This package was developed primarily as a **basic** reverse geocoder for use within
web frameworks (APIs) that have an existing PostGIS connection to utilise.

- The reverse geocoding package in Python [here](https://github.com/thampiman/reverse-geocoder)
  is probably the original and canonincal implementation using K-D tree.
  - However, it's a bit outdated now, with numerous unattended pull
    requests and uses an unfavourable multiprocessing-based approach.
- The package [here](https://github.com/richardpenman/reverse_geocode) is an excellent
  revamp of the package above, an likely the best choice in many scenarios.

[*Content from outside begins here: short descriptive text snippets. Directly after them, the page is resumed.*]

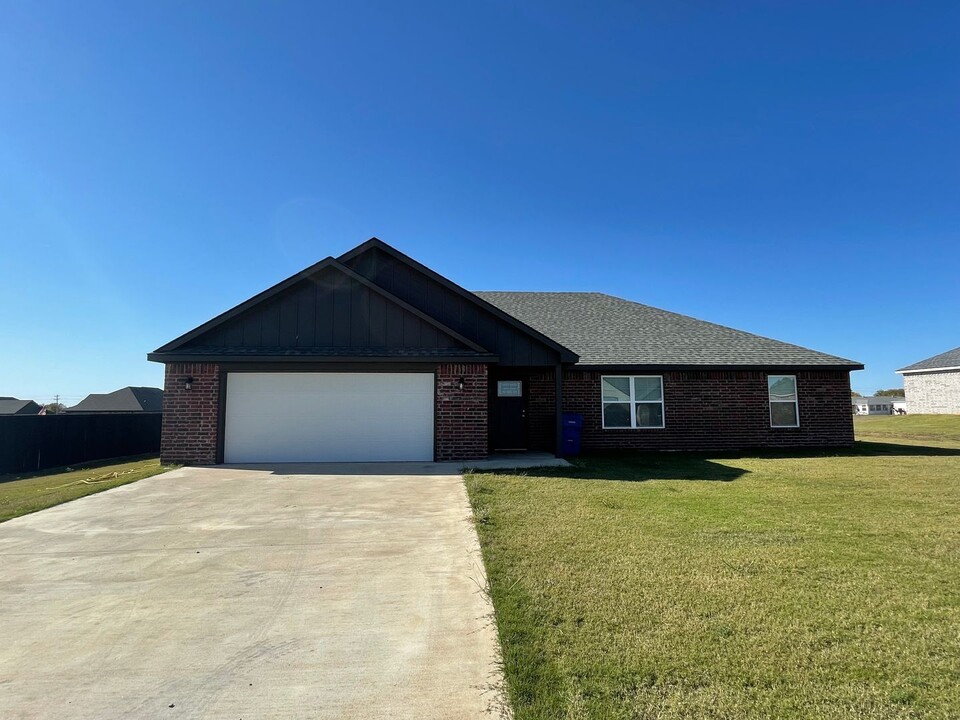 76 Laylas Wy in Durant, OK - Building Photo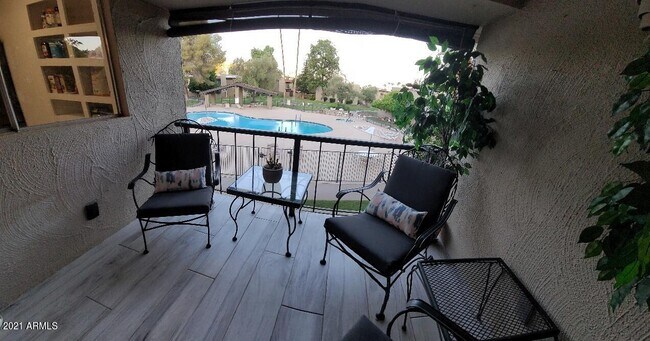 Building Photo - 4201 E Camelback Rd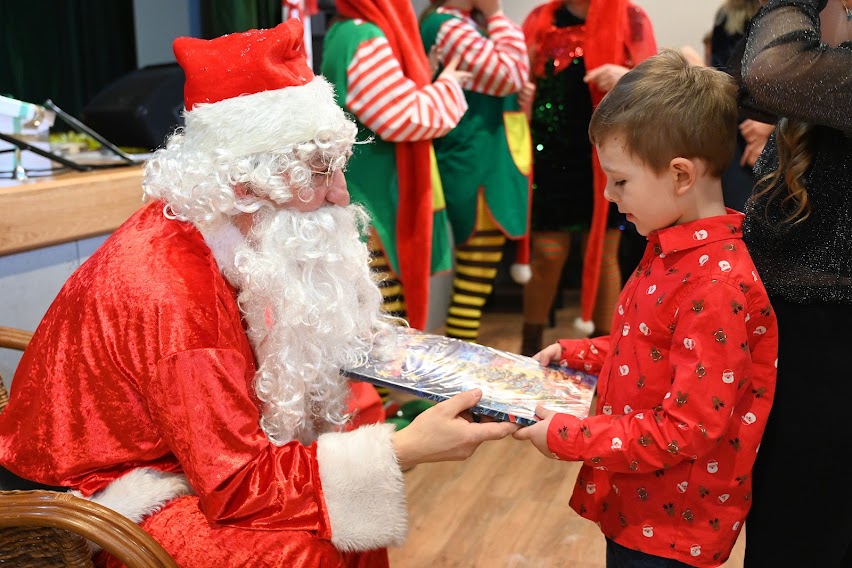 Mikołaj dotarł do dzieci w Domu Kultury 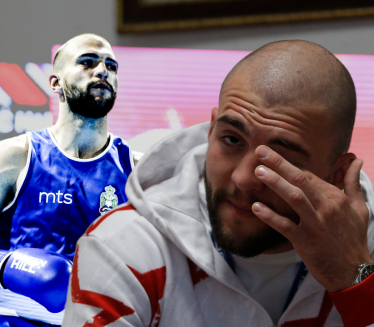 VELJKU RASCEPANA USNA: Oglasio se iz Rusije, sav krvav (FOTO)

The K-D tree implementation in Python is performant (see [benchmarks](#benchmarks))
and an excellent choice for scripts.

However, it does leave a large memory footprint of approximately 160Mb to load the
K-D tree in memory (see [benchmarks](#benchmarks)).

Once computed, the K-D tree remains in memory! This is an unacceptable compromise
for a web server, for such a small amount of functionality, particularly if the
web server is run via a container orchestrator as replicas with minimal memory.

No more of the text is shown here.